SUPPLIED INFORMATION:
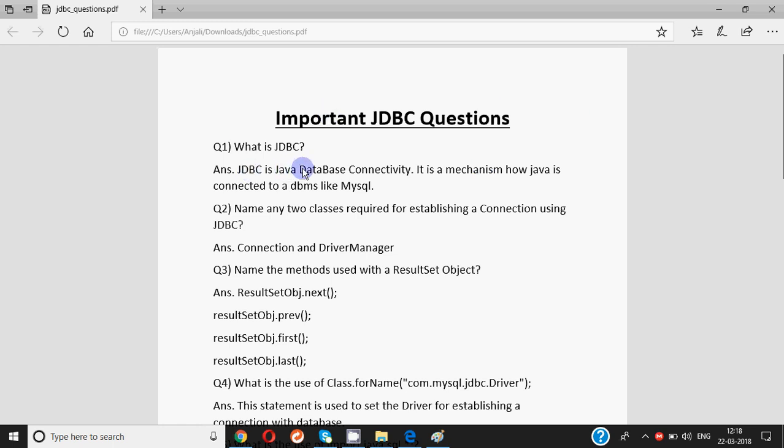What is JDBC? Kyunki question ya to one ya two marks ka hota hai. So agar wo poochta hai what is JDBC, you can write the full form, that's Java Database Connectivity, and it's a mechanism how Java is connected to the database management system like MySQL.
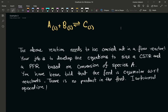Let's read the problem together once again. The above reaction: one mole of A reacts with one mole of B to give C. Everything is in liquid phase — that's going to make life easier. The reaction needs to be carried out in a flow reactor. Your job is to develop the equations — not solve — develop the equations to size a CSTR and a PFR, based on the conversion of species A. We're just following the trend in the first five chapters of Fogler, fifth edition. You have been told that the feed is equimolar.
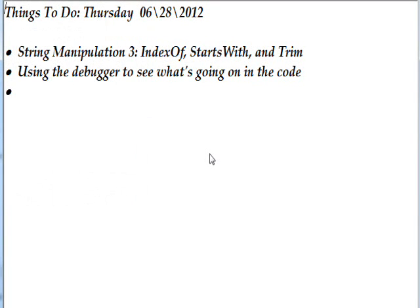Today we conclude the string manipulation series. It's three videos: the two previous to this and this one. We'll probably get back to string manipulation because there's a lot to it, but for now that's just these first three videos.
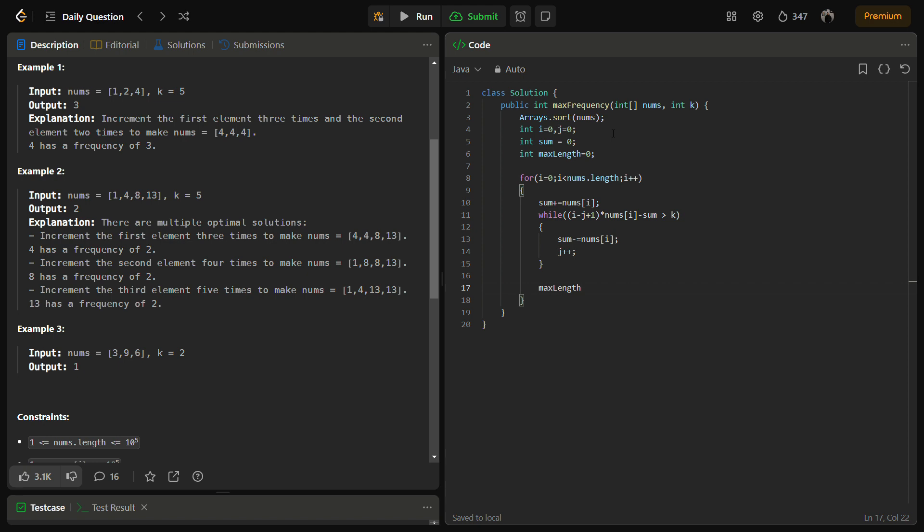Otherwise we store the max. And we have to return the max. Simple.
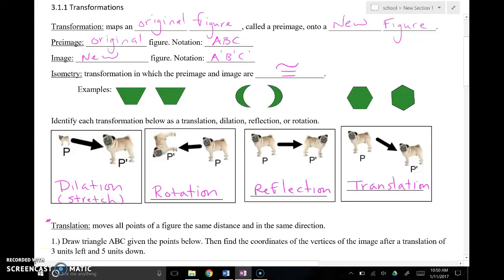Hey everybody, this is a video for part of our transformations section of our geometry introduction unit. First we're going to talk about transformations in general, and then we're going to talk about two specific transformations: a translation and a dilation. You guys are already familiar with translations and dilations, but we're going to apply those things to geometric figures — it's a bit of a transition from functions into geometric figures.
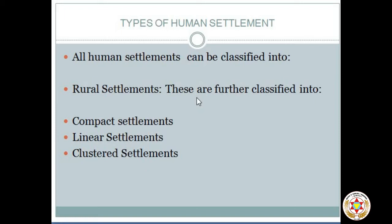Another factor is housing. Housing also affects rural settlements. To construct a house, raw materials are required such as mud, brick, etc. This also has a role to play in rural settlement. Now we will discuss some kinds of rural settlements. The very first is a compact settlement.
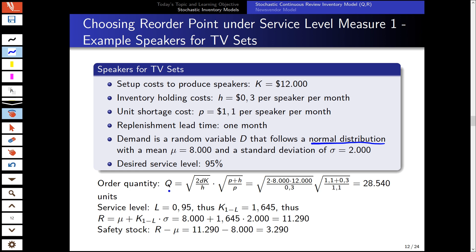We use the EOQ formula with planned shortages to derive the order quantity. Plugging in our data, we get Q = 28,540.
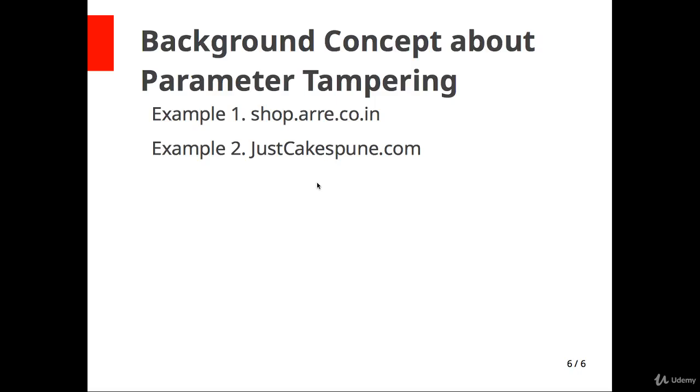Now we will see how to hunt for parameter tampering attack. You can do this attack on any e-commerce website, any shopping website, any store websites.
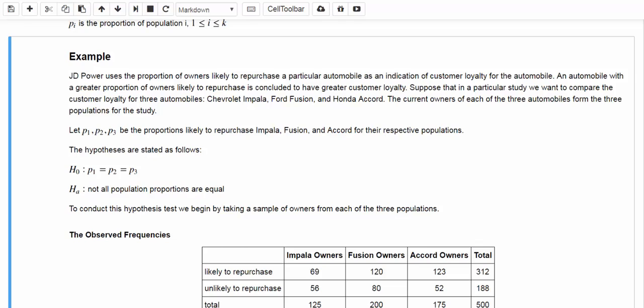The hypothesis will be: null hypothesis H0: P1 equals P2 equals P3. Alternative hypothesis: not all population proportions are equal. To test this hypothesis, we first take a sample of owners from each of the three populations. The sampling results are summarized in the following table, which shows the observed frequencies.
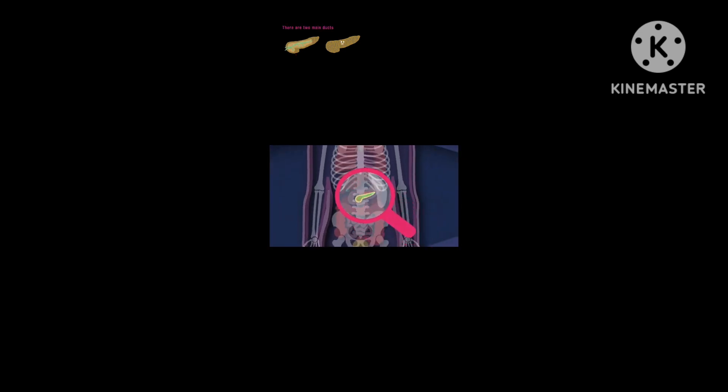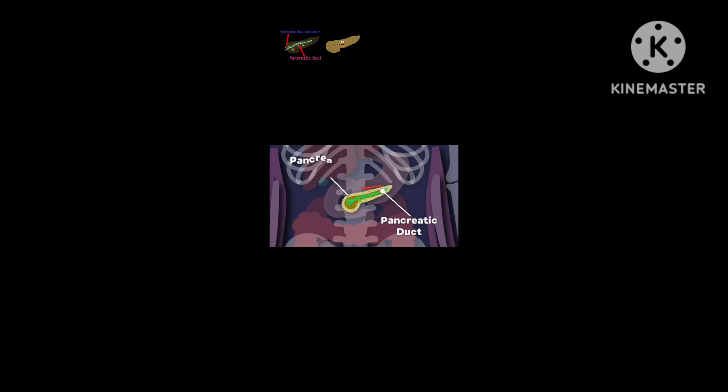There are two main ducts in the pancreas you see: the pancreatic duct and pancreatic duct accessory.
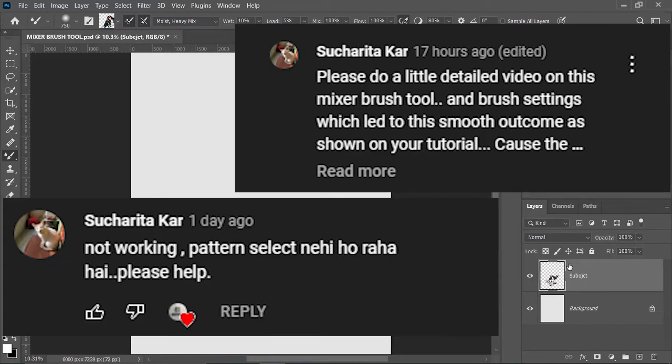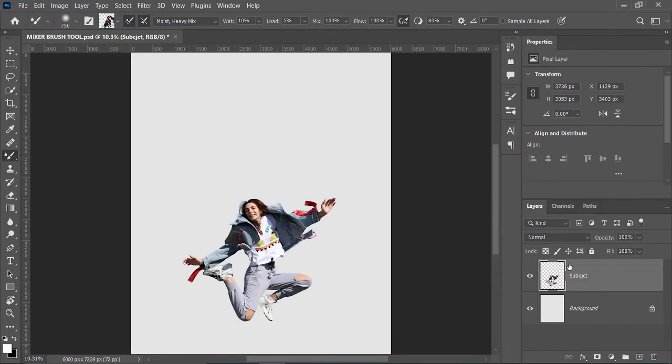One of my friends from our Graphture family has asked me to make a video on the mixture brush tool. This video is all about the mixture brush tool and especially the pixel stretch effect. Let's get started.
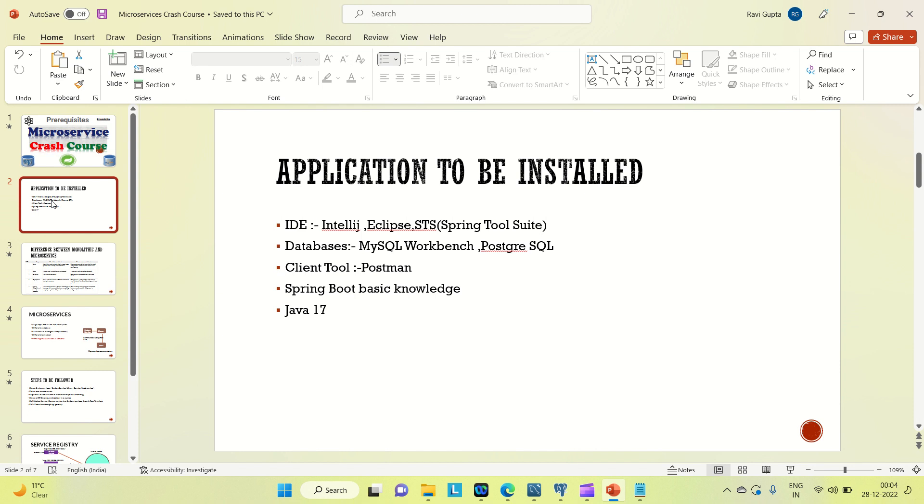So these are the list of applications that you should be having on your system so that we can go for this course.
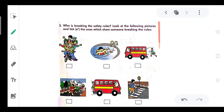Who is breaking the safety rules? Look at the following pictures and tick the ones which show someone breaking the rules. We have 6 pictures. The first picture shows a cycle — that is breaking the rules. The third picture shows a child swimming.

PROMPT: Please repeat the lines that run from the one holding "There are two" to the last line of the material, both included, exactly and without pictures.

SOLUTION TO THE EXERCISE:
There are two main ducts in the pancreas you see: the pancreatic duct and pancreatic duct accessory.
One of my friends from our Graphture family has asked me to make a video on the mixture brush tool. This video is all about the mixture brush tool and especially the pixel stretch effect. Let's get started.
So these are the list of applications that you should be having on your system so that we can go for this course.
Who is breaking the safety rules? Look at the following pictures and tick the ones which show someone breaking the rules. We have 6 pictures. The first picture shows a cycle — that is breaking the rules. The third picture shows a child swimming.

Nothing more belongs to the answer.